There’s no doubt that Google’s HDR+ mode performs well, improving exposure and detail while producing natural looking results. There are a few cases where turning HDR+ off will produce a better image, but given how well it performs, both in terms of image quality and capture speed, it’s best to take Google’s advice and leave it turned on all the time.

Section by Brandon Chester

The Pixel XL’s SoC is designed by Qualcomm and comes with four of its custom Kryo CPU cores—two with a peak frequency of 2.15GHz and two more that top out at 1.59GHz. The quad-core CPU is paired with an Adreno 530 GPU. After hearing that, you may think that I’m describing Snapdragon 820, but in this case I’m actually describing Snapdragon 821. Qualcomm’s SoCs often come in two versions with different sets of frequencies, and in the case of the Pixel XL Google has opted to use MSM8996 Pro-AB, which shares the same clock speeds as the normal MSM8996 that shipped in many of 2016’s flagship smartphones.

On paper, there’s not really any room for Google to have improved general CPU performance compared to the other Android flagships from this year. However, the Pixel XL comes with Android Nougat, along with Google’s firmware. System performance on a smartphone is hardly just a function of how fast the CPU is, and it’s generally not something that you can determine based solely on the hardware, even if you consider all the parts of the system. A phone’s software plays a big role in its UI performance, as well as the performance of critical Android APIs. We’ve seen devices with the same SoC achieve very different results in tests such as PCMark that utilize frameworks such as RenderScript and core APIs like the system WebView. In order to get a better idea of how well the Pixel XL performs, I’ve run it through our standard set of benchmarks.

PCMark - Web Browsing

PCMark - Video Playback

PCMark - Writing

PCMark - Photo Editing

PCMark - Work Performance Overall

Like the Nexus 5X and 6P, the Pixel XL performs very poorly in PCMark. The overall score actually comes in below the Nexus 6P despite the Pixel XL being a much faster device on paper. The Web Browsing score is much lower, which is shocking when one considers that improvements to Android’s native WebView in Marshmallow put the Nexus 6P at the top of the chart in that test. Video Playback sees a slight reduction, and the Writing score is in line with the Nexus 6P, which performs exceptionally poor in that test. The Photo Editing test, which utilizes some GPU compute, is the only area where performance improves thanks to the Adreno 530 GPU, but it’s not near enough to offset the poor performance in the other tests. Devices that use Snapdragon 820 or Kirin 950 outperform the Pixel XL by a large margin, and it actually sits among devices using SoCs from 2015 like the LG G4, the Galaxy S6, and the previously mentioned Nexus 5X and 6P.

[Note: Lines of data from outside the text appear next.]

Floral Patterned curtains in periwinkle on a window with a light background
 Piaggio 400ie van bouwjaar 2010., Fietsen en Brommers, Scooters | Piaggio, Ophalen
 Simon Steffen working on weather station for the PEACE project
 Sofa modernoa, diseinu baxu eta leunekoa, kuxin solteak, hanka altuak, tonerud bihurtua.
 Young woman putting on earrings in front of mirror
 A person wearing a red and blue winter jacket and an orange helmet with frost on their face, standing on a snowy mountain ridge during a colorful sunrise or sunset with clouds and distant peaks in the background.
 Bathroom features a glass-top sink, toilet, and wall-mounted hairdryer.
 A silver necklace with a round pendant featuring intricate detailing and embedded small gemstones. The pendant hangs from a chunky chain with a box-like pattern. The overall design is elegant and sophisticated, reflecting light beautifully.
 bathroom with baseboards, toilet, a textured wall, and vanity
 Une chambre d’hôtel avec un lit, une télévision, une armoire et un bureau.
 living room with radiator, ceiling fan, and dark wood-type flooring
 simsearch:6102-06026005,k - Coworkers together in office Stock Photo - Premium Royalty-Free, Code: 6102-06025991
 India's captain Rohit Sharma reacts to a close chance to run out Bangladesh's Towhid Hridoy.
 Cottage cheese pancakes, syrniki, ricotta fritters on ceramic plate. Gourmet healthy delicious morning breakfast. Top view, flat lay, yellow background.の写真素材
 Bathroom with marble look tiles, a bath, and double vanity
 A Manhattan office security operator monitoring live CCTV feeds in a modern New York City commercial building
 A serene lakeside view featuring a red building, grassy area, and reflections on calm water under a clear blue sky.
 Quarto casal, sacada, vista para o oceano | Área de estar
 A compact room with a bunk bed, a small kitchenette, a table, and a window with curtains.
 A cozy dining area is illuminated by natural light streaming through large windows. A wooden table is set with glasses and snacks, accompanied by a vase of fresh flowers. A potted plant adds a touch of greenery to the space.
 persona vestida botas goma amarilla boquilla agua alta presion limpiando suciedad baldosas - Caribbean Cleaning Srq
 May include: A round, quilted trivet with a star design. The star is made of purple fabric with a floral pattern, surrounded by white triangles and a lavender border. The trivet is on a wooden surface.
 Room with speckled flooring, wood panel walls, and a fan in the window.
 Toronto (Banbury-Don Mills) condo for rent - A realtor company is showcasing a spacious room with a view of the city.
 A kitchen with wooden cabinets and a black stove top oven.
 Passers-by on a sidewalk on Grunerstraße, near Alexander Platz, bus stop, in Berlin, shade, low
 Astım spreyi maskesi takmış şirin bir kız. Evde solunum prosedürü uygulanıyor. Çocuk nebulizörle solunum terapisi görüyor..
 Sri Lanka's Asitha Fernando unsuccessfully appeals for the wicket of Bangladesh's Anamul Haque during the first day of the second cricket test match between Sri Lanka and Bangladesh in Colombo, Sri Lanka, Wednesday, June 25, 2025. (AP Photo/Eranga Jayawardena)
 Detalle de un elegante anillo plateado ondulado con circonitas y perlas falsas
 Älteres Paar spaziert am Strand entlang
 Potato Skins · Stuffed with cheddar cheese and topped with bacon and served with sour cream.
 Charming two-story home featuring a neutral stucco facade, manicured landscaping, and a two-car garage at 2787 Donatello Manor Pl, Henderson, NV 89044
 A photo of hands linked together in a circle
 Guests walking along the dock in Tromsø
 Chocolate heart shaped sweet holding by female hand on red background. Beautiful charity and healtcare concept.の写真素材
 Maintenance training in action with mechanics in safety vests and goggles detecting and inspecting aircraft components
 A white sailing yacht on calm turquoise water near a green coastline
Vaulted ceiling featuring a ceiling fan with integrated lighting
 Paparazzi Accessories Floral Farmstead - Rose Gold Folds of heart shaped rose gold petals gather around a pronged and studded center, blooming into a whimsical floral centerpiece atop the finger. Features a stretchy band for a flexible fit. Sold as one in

Google should really be investigating why their performance is so poor in PCMark for Android. All of the tests are perfectly legitimate scenarios that reflect real-world interactions, and these performance problems will be replicated in real apps that perform these tasks using similar code. For example, the web test uses Android’s built in WebView, while the writing test manipulates text and does file IO using Android’s own Java APIs. The performance issues when executing tests written purely in Java suggests that there are software problems that may trace back to the Android RunTime, and it’s concerning that such problems can exist when building software that mainly uses Android’s own APIs.

Kraken 1.1 (Chrome/Safari/IE)

WebXPRT 2015 (Chrome/Safari/IE)

JetStream 1.1 (Chrome/Safari)

While the performance in PCMark’s web test using Android’s native WebView is nothing to get excited over, the performance in Chrome on the Pixel XL shows much more promising results. The Pixel XL ships with Chrome v54 out of the box, which promises improved performance. In Kraken and WebXPRT 2015 Google achieves the best results of any Android device, and in Jetstream only Huawei’s Kirin 950/955 devices with their Cortex A72 cores are able to best it. However, when looking at the overall results it’s clear that Google is still lagging far behind the web performance of Apple’s mobile devices. It’s actually concerning that in the grand scheme of things, the only praise you can really give the Pixel XL is that Google has finally beaten the iPhone 6 in web performance, even though the iPhone 6 is over two years old.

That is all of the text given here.